REQUIREMENT: Below are some records. Set down exactly the line holding "easy broccoli cranberry" and every later line through the end, omitting the pictures.

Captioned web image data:
****************
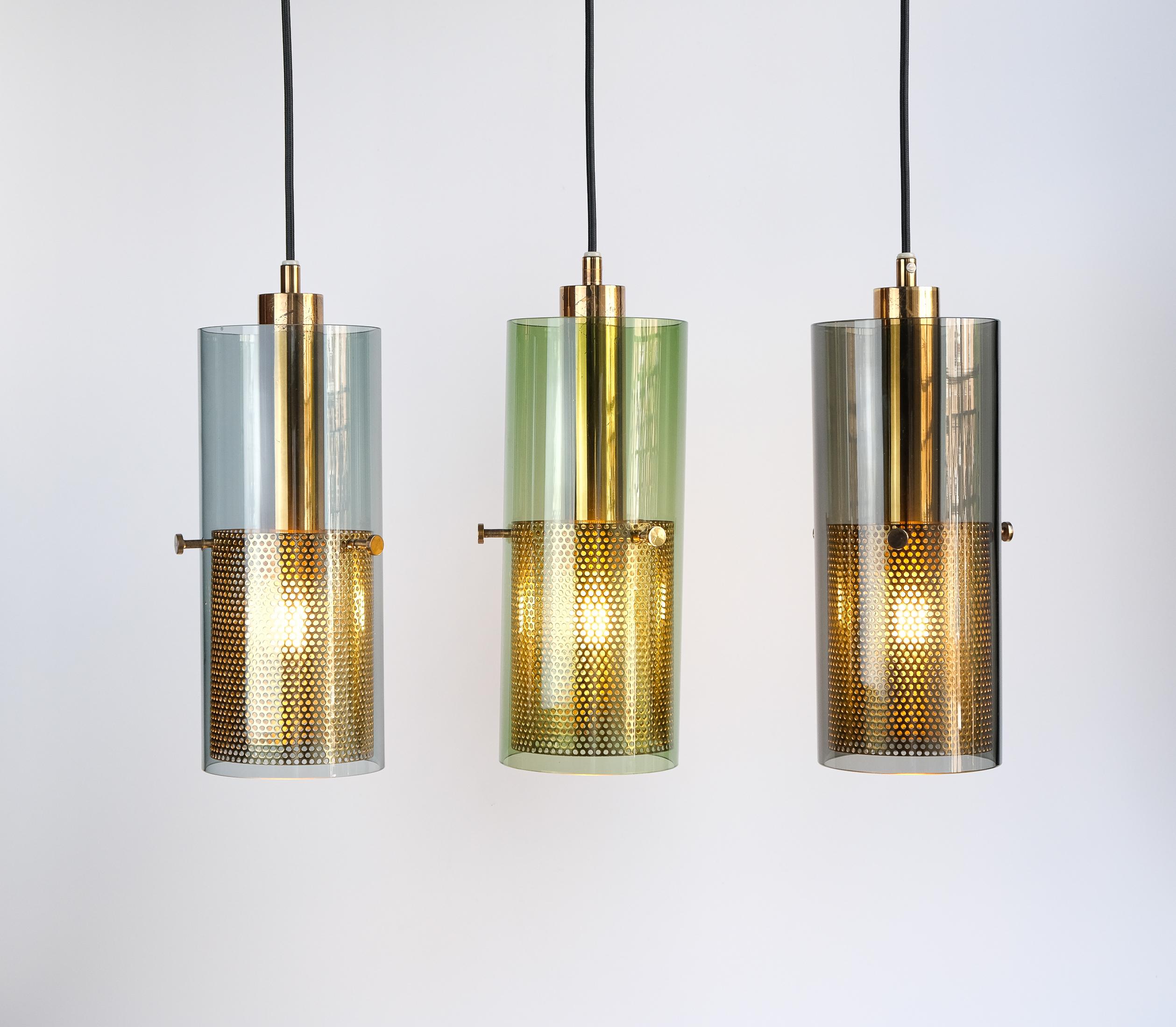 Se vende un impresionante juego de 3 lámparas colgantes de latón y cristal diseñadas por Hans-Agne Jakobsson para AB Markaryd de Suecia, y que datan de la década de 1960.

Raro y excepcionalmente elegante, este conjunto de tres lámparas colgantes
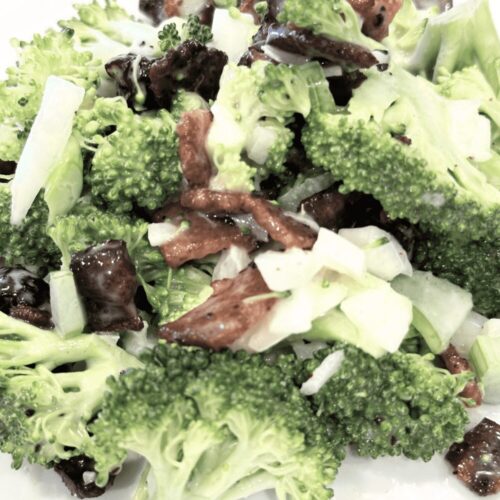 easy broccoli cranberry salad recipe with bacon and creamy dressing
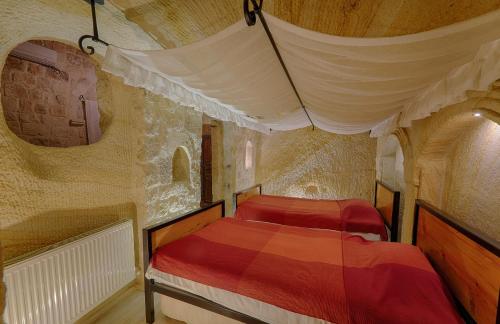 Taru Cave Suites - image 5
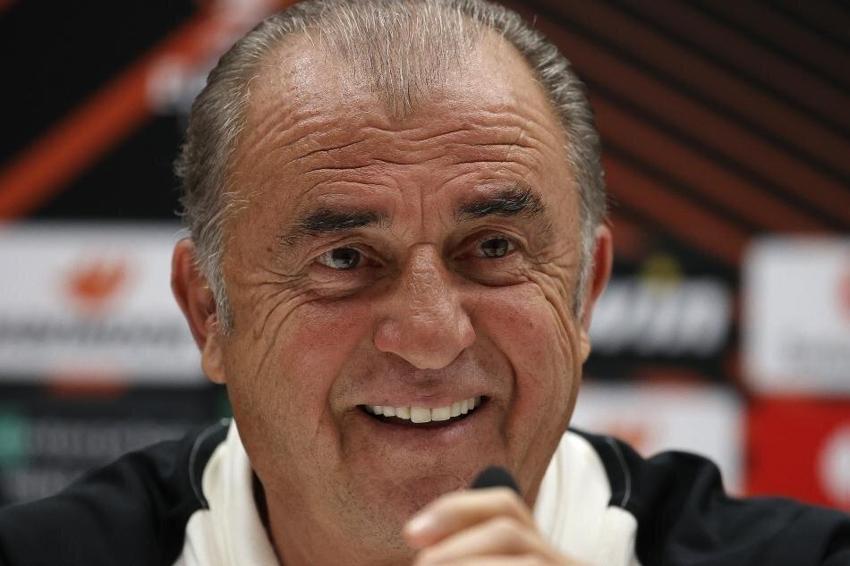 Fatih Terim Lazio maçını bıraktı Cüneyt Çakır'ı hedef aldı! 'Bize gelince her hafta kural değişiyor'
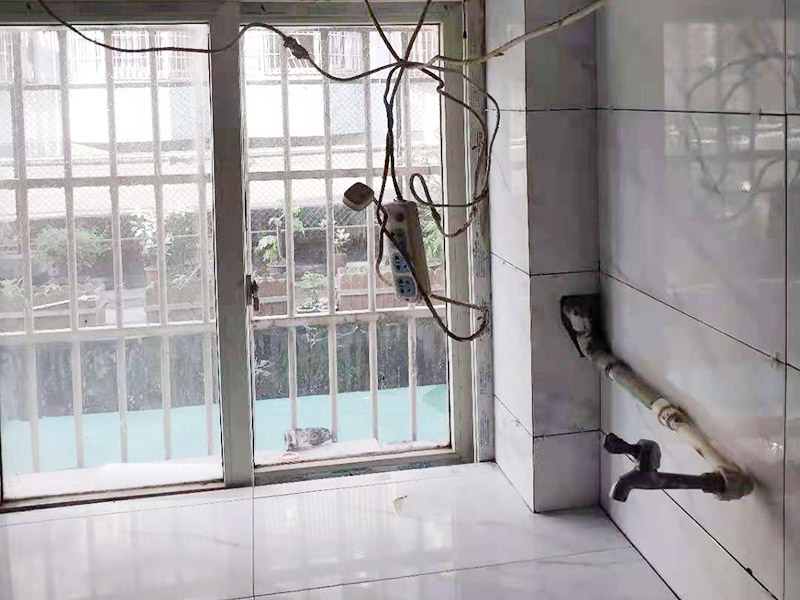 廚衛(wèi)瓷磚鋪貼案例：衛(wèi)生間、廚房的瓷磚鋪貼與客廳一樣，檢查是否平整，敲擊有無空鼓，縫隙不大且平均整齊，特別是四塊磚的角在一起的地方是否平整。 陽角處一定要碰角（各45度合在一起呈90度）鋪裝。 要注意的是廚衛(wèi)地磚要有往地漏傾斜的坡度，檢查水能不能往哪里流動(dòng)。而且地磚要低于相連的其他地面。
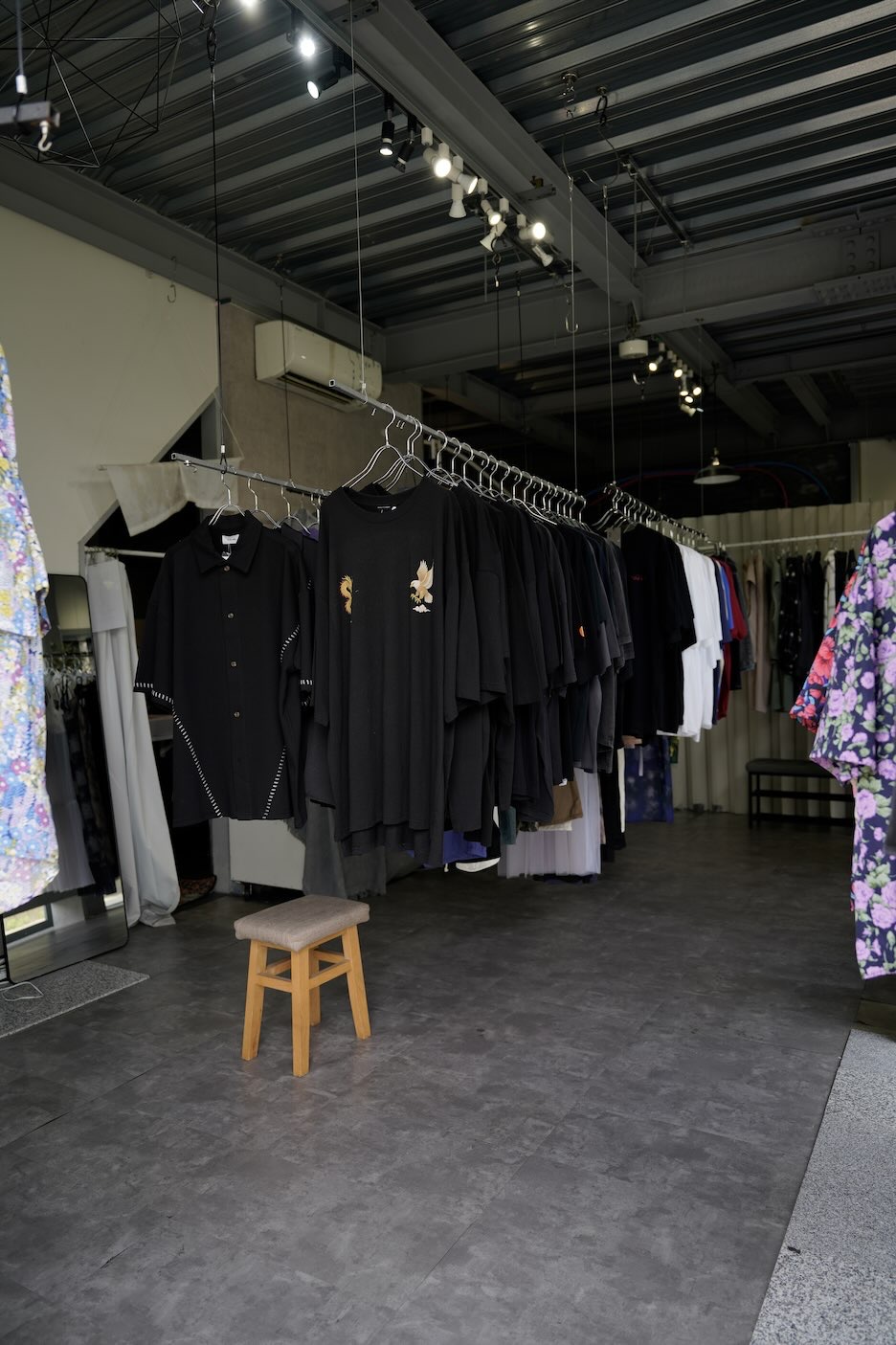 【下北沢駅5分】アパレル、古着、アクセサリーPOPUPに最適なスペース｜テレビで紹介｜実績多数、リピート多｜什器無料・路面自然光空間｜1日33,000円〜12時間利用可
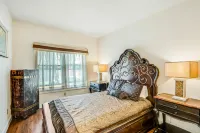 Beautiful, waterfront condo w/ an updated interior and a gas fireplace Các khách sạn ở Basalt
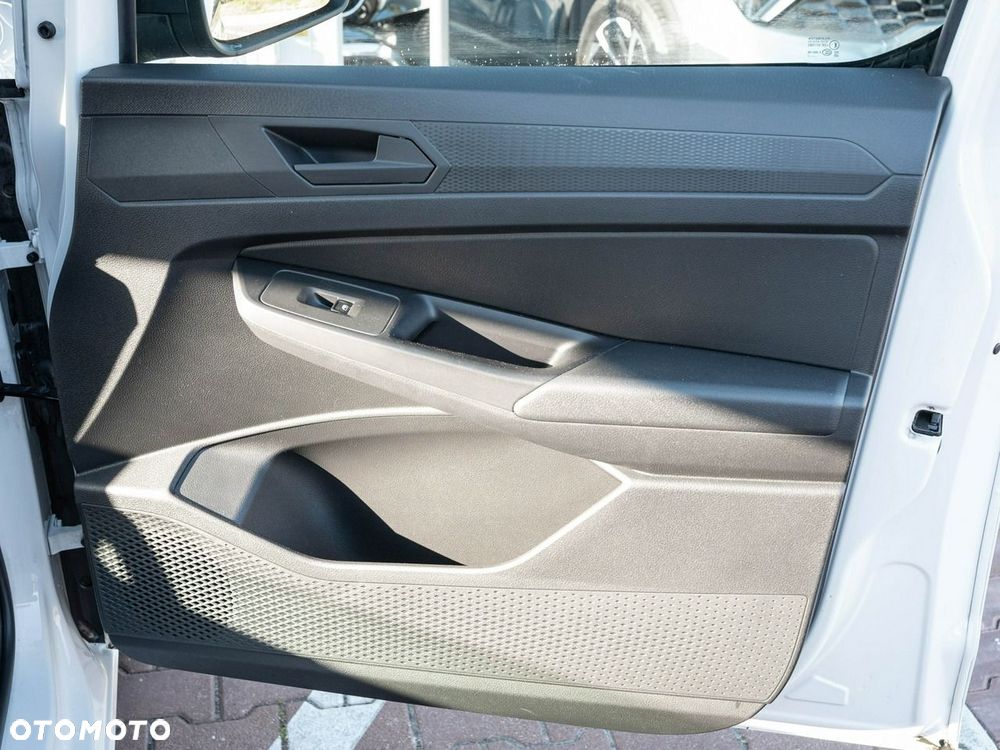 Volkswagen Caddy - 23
****************
EXERCISE OUTPUT:
 easy broccoli cranberry salad recipe with bacon and creamy dressing
 Taru Cave Suites - image 5
 Fatih Terim Lazio maçını bıraktı Cüneyt Çakır'ı hedef aldı! 'Bize gelince her hafta kural değişiyor'
 廚衛(wèi)瓷磚鋪貼案例：衛(wèi)生間、廚房的瓷磚鋪貼與客廳一樣，檢查是否平整，敲擊有無空鼓，縫隙不大且平均整齊，特別是四塊磚的角在一起的地方是否平整。 陽角處一定要碰角（各45度合在一起呈90度）鋪裝。 要注意的是廚衛(wèi)地磚要有往地漏傾斜的坡度，檢查水能不能往哪里流動(dòng)。而且地磚要低于相連的其他地面。
 【下北沢駅5分】アパレル、古着、アクセサリーPOPUPに最適なスペース｜テレビで紹介｜実績多数、リピート多｜什器無料・路面自然光空間｜1日33,000円〜12時間利用可
 Beautiful, waterfront condo w/ an updated interior and a gas fireplace Các khách sạn ở Basalt
 Volkswagen Caddy - 23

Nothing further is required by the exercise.